Shortly afterward, Hazel capitulated. It paid Hartford $1,000,000 and entered into certain licensing agreements. The day following the settlement, Hartford's representative traveled back to Toledo and talked to Clarke. At this meeting Clarke asked for $10,000. Hartford's representative told him that he wanted too much money and that Hartford would communicate with him further. A few days later the representative paid Clarke $500 in cash; and about a month later delivered to Clarke, at some place in Pittsburgh which he has sworn he cannot remember, an additional $7,500 in cash. The reason given for paying these sums was that Hartford felt a certain moral obligation to do so, although Hartford's affidavits deny any prior agreement to pay Clarke for his services in connection with the article.

Indisputable proof of the foregoing facts was, for the first time, fully brought to light in 1941 by correspondence files, expense accounts and testimony introduced at the trial of the United States v. Hartford-Empire Company et al., D.C., 46 F.Supp. 541, an anti-trust prosecution begun December 11, 1939. On the basis of the disclosures at this trial Hazel commenced the present suit.

Upon consideration of what it properly termed this 'sordid story' the Circuit Court, one Judge dissenting, held first, that the fraud was not newly-discovered; sec- ond, that the spurious publication, though quoted in the 1932 opinion, was not the primary basis of the 1932 decision; and third, that in any event it lacked the power to set aside the decree of the District Court because of the expiration of the term during which the 1932 decision had been rendered. Accordingly the Court refused to grant the relief prayed by Hazel.

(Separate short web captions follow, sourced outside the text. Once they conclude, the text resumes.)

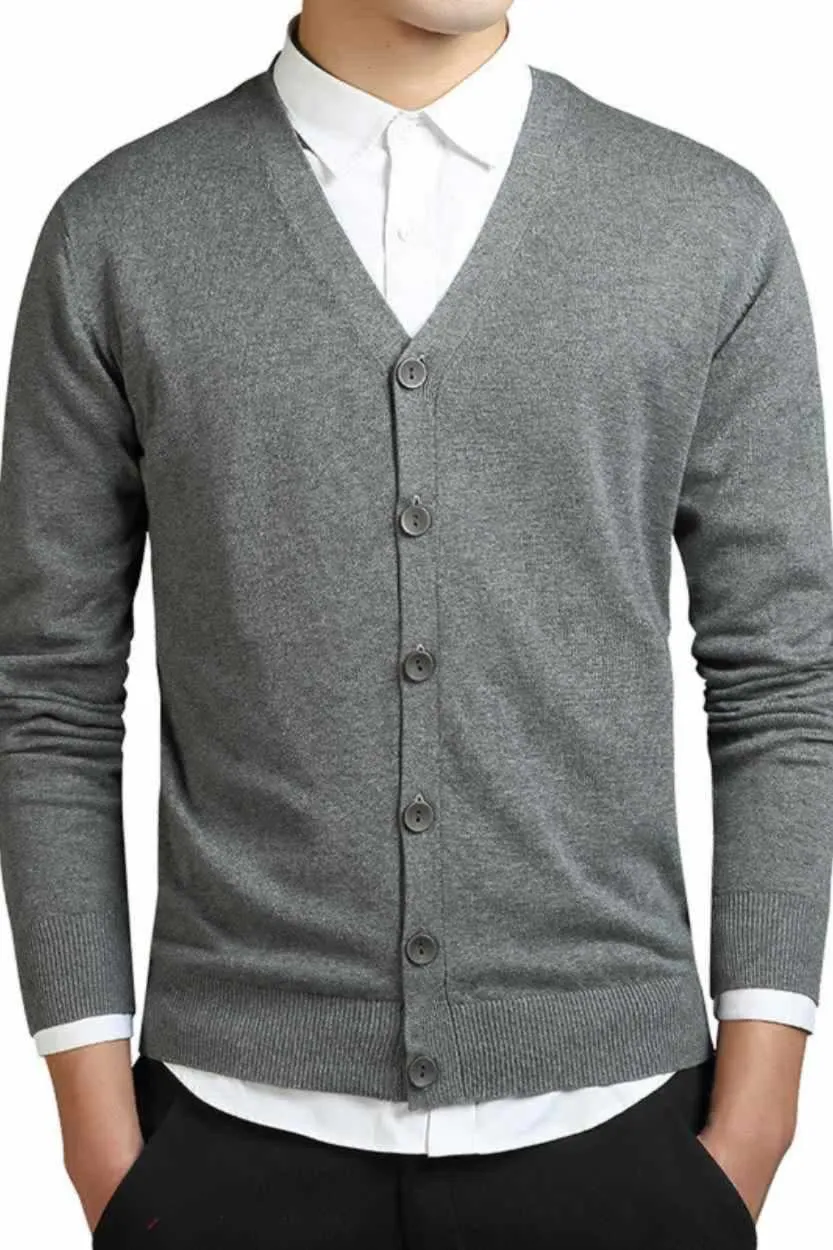 Cardigan Slim Fit V-Neck Menswear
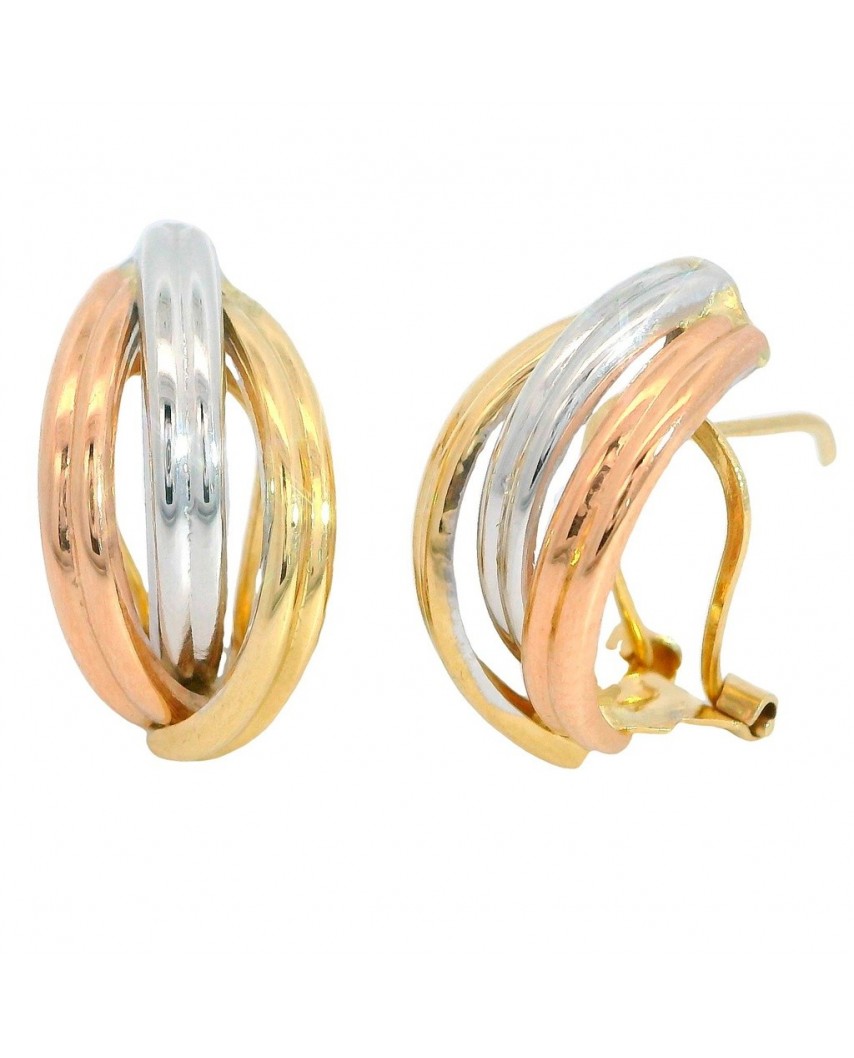 PENDIENTES BANDAS TRICOLOR .18x9MM.OMEGA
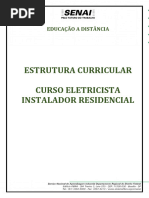 Estrutura Curricular Curso Eletricista Instalador Residencial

Federal courts, both trial and appellate, long ago established the general rule that they would not alter or set aside their judgments after the expiration of the term at which the judgments were finally entered. Bronson v. Schulten, 104 U.S. 410, 26 L.Ed. 797. This salutary general rule springs from the belief that in most instances society is best served by putting an end to litigation after a case has been tried...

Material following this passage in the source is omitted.